Model Identification: Using plots of the data, autocorrelations, partial autocorrelations, and other information, a class of simple ARIMA models is selected. This amounts to estimating (or guesstimating) an appropriate value for d followed by estimates for p and q (as well as P, D, and Q in the seasonal time series setting).
Model Estimation: The autoregressive and moving average parameters are found via an optimization method like maximum likelihood.

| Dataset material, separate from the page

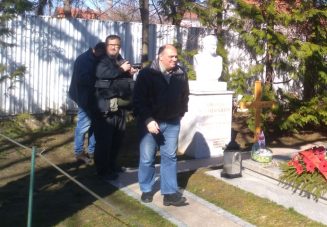 POZAREVAC Suvakovic na grobu Milosevica Prošlo je 12 godina od smrti Miloševića (FOTO) 2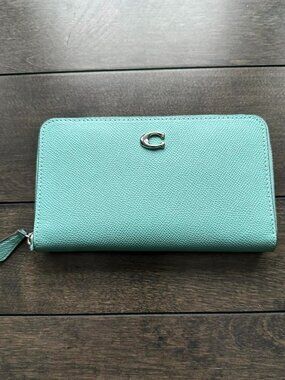 Coach Zip Around Wallet - new with tags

Diagnostic Checking: The fitted model is checked for inadequacies by studying the autocorrelations of the residual series (i.e., the time-ordered residuals).

The above is then iterated until there appears to be minimal to no improvement in the fitted model.

1 It should be noted that stochastic processes are itself a heavily-studied and very important statistical subject.